Exercise directions =>
Take the entries below and print only the lines from the one with "Alouette Plain Creme" through the one with "NOLITOY 3pcs Silicone", exactly as they stand, both ends included.

Web page caption snippets:
··········

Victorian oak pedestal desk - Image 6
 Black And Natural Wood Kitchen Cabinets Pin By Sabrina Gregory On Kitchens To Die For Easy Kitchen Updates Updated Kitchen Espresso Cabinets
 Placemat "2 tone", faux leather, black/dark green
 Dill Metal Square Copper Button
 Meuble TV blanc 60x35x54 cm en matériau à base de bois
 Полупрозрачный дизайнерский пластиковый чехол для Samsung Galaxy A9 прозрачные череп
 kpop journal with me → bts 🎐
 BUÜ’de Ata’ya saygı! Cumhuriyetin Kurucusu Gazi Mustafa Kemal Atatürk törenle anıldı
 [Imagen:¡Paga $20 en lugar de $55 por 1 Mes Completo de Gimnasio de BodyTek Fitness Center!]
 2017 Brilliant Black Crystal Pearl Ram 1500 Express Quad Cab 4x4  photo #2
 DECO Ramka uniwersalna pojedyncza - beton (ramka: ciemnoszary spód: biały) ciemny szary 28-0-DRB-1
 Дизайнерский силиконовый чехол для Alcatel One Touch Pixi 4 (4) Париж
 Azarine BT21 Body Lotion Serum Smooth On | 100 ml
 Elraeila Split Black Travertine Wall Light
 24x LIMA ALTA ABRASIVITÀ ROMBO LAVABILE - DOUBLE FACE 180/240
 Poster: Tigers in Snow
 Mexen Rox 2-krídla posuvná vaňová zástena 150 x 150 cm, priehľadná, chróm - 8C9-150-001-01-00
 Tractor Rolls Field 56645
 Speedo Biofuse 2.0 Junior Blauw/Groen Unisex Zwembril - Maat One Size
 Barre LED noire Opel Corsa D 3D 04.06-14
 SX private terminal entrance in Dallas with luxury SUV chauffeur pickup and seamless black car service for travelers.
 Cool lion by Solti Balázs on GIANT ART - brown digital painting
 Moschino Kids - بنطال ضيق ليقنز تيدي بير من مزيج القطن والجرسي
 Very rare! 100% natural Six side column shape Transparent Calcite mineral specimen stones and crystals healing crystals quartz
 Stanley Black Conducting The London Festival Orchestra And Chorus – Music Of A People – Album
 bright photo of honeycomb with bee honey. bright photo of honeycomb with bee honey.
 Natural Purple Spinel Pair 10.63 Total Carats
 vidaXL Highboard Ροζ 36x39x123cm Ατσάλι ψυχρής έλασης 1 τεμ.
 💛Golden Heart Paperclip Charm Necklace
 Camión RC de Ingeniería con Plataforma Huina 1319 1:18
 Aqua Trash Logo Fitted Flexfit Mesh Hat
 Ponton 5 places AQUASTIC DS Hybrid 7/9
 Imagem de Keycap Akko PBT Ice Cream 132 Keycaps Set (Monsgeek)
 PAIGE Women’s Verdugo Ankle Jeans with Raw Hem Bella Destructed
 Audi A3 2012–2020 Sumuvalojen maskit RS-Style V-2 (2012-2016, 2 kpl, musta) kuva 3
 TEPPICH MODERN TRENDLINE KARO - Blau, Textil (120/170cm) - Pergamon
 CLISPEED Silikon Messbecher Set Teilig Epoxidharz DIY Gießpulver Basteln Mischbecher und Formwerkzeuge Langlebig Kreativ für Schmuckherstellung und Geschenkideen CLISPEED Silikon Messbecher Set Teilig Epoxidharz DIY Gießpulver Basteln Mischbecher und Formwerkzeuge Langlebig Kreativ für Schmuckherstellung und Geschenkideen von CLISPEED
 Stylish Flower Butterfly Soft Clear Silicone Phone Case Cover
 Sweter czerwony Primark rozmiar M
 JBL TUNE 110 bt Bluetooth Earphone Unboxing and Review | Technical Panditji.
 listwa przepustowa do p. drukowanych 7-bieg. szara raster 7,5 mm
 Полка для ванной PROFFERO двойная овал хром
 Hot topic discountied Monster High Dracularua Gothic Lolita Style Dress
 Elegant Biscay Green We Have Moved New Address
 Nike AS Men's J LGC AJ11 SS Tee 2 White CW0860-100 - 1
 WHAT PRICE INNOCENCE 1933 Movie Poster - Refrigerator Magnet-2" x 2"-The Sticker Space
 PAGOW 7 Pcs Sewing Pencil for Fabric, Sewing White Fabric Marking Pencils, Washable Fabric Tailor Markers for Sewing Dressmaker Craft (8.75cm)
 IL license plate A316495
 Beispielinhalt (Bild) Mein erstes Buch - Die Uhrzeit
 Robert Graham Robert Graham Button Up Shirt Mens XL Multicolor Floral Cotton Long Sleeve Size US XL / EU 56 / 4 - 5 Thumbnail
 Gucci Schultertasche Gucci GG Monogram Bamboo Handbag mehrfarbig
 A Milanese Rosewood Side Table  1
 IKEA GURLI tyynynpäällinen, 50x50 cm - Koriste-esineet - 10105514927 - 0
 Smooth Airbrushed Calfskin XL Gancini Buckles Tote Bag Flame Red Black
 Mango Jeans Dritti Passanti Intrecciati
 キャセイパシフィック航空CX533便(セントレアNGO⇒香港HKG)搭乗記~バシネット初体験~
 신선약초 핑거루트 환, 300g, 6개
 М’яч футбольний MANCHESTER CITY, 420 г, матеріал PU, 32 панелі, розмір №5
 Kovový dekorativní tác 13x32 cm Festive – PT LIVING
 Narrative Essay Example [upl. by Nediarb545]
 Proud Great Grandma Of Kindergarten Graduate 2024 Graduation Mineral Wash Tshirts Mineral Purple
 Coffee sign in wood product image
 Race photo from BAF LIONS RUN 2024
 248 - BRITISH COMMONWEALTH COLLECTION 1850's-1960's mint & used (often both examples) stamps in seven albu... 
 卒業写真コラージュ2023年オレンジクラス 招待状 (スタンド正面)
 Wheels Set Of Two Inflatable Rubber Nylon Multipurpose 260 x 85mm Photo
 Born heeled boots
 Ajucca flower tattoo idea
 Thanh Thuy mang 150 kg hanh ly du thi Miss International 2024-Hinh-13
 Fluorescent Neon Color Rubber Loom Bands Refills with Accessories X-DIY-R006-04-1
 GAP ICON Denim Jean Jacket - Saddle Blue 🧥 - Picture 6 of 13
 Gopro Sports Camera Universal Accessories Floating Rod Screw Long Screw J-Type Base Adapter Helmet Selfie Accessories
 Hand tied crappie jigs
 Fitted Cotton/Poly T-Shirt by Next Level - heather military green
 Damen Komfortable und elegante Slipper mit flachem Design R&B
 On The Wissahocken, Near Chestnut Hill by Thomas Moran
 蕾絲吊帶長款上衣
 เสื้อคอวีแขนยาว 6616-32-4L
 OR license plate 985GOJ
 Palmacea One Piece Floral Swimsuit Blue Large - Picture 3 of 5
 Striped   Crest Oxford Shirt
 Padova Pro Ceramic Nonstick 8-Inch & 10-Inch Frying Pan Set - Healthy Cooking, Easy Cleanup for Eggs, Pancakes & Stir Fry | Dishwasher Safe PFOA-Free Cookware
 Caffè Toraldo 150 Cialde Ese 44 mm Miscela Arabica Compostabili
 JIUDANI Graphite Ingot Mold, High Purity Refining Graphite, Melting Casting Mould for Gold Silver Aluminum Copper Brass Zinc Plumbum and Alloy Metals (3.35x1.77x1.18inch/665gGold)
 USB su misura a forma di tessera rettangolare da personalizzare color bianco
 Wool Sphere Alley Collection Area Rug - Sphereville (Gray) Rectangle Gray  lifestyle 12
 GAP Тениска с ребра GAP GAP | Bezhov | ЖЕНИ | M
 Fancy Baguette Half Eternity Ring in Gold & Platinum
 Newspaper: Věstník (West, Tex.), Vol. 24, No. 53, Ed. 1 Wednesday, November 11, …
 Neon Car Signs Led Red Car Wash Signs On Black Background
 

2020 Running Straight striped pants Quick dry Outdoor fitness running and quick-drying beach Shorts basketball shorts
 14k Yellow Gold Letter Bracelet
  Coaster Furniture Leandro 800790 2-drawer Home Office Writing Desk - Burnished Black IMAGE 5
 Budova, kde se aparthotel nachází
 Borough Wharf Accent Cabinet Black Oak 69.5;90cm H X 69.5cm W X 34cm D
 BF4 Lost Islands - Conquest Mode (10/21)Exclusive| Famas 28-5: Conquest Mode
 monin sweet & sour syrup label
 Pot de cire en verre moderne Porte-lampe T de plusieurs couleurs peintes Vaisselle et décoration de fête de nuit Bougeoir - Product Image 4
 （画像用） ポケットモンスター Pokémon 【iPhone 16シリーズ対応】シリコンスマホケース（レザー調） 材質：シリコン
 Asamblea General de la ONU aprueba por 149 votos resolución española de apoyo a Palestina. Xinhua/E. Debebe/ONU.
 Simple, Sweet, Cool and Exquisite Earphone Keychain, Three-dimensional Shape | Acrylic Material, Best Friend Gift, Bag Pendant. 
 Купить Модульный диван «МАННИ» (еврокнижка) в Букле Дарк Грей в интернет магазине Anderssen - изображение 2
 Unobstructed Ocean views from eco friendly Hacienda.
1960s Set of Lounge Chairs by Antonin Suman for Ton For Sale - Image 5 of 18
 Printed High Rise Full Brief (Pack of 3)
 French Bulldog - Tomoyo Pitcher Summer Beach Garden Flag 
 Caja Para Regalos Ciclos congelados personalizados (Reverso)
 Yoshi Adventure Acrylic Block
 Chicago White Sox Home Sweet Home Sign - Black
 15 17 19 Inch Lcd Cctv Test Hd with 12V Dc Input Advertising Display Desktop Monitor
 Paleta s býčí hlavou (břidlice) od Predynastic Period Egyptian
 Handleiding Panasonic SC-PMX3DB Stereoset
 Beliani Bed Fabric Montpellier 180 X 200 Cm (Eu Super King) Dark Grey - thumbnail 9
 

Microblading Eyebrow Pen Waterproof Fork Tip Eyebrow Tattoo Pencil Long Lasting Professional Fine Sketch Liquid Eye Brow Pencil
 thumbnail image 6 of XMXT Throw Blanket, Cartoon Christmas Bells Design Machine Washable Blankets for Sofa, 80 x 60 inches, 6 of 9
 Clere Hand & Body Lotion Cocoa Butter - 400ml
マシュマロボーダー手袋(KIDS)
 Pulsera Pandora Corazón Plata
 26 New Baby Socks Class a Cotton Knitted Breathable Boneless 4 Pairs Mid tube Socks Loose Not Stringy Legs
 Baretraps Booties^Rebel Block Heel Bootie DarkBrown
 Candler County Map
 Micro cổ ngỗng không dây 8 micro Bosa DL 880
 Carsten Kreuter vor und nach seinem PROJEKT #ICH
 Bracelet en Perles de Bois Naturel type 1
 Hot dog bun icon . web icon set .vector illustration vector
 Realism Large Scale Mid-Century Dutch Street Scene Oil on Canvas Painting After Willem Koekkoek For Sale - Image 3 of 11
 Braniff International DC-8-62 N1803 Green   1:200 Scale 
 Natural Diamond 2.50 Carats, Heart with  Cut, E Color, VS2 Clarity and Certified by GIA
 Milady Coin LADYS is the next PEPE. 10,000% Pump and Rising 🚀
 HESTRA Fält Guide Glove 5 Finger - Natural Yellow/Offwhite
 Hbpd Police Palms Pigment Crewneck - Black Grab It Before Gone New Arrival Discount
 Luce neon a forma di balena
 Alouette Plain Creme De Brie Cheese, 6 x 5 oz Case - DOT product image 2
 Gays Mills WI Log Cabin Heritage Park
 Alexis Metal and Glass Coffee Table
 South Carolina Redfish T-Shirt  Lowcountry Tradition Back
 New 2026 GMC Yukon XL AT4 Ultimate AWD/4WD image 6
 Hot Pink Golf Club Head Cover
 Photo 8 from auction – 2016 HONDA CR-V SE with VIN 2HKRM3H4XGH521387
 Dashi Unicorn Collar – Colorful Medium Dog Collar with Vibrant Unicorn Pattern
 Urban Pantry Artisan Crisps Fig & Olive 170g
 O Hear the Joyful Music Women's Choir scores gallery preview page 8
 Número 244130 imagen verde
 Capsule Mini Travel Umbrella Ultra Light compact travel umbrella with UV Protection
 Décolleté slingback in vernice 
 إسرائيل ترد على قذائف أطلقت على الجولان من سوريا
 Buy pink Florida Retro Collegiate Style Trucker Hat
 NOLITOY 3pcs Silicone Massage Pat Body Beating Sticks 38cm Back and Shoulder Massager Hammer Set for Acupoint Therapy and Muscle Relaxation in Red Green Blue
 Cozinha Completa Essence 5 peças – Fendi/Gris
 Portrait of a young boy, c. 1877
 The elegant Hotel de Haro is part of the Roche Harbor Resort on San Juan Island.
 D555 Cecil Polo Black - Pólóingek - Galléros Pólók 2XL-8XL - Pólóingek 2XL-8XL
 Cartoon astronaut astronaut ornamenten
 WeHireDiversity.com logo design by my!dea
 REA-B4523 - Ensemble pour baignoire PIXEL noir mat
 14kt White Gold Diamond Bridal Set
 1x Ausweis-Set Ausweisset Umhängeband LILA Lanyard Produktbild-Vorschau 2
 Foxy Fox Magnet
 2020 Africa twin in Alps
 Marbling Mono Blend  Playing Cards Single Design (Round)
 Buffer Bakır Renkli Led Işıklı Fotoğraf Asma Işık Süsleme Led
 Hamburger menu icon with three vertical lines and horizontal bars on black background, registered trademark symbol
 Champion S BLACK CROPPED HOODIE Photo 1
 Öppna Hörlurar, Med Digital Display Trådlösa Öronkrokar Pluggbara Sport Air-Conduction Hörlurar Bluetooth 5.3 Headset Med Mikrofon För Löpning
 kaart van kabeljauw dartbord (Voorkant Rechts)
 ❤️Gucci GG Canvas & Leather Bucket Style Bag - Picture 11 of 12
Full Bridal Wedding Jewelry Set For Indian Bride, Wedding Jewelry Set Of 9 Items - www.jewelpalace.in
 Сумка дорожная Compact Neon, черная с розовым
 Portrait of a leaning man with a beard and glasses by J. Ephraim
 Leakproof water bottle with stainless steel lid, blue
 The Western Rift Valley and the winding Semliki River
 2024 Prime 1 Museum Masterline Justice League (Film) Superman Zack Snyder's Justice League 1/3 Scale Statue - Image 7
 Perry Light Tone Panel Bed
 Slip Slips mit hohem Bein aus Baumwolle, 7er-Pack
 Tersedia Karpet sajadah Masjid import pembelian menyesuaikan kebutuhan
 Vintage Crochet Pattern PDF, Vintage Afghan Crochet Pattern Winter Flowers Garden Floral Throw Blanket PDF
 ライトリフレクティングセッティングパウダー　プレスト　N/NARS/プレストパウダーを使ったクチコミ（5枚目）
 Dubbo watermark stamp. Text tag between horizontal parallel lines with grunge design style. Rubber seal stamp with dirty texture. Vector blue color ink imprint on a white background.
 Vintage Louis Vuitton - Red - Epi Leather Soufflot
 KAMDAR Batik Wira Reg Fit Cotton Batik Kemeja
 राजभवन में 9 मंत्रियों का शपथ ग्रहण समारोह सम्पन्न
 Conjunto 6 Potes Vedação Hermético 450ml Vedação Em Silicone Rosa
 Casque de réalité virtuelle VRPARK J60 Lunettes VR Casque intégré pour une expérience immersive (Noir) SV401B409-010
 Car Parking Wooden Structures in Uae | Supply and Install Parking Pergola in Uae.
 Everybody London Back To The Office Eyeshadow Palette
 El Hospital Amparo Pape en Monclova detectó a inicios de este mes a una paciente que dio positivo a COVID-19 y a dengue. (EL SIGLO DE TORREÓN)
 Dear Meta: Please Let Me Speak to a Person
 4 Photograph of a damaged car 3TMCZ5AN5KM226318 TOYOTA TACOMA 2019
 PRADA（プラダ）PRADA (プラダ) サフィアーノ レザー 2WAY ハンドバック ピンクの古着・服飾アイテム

··········

Reply =>
 Alouette Plain Creme De Brie Cheese, 6 x 5 oz Case - DOT product image 2
 Gays Mills WI Log Cabin Heritage Park
 Alexis Metal and Glass Coffee Table
 South Carolina Redfish T-Shirt  Lowcountry Tradition Back
 New 2026 GMC Yukon XL AT4 Ultimate AWD/4WD image 6
 Hot Pink Golf Club Head Cover
 Photo 8 from auction – 2016 HONDA CR-V SE with VIN 2HKRM3H4XGH521387
 Dashi Unicorn Collar – Colorful Medium Dog Collar with Vibrant Unicorn Pattern
 Urban Pantry Artisan Crisps Fig & Olive 170g
 O Hear the Joyful Music Women's Choir scores gallery preview page 8
 Número 244130 imagen verde
 Capsule Mini Travel Umbrella Ultra Light compact travel umbrella with UV Protection
 Décolleté slingback in vernice 
 إسرائيل ترد على قذائف أطلقت على الجولان من سوريا
 Buy pink Florida Retro Collegiate Style Trucker Hat
 NOLITOY 3pcs Silicone Massage Pat Body Beating Sticks 38cm Back and Shoulder Massager Hammer Set for Acupoint Therapy and Muscle Relaxation in Red Green Blue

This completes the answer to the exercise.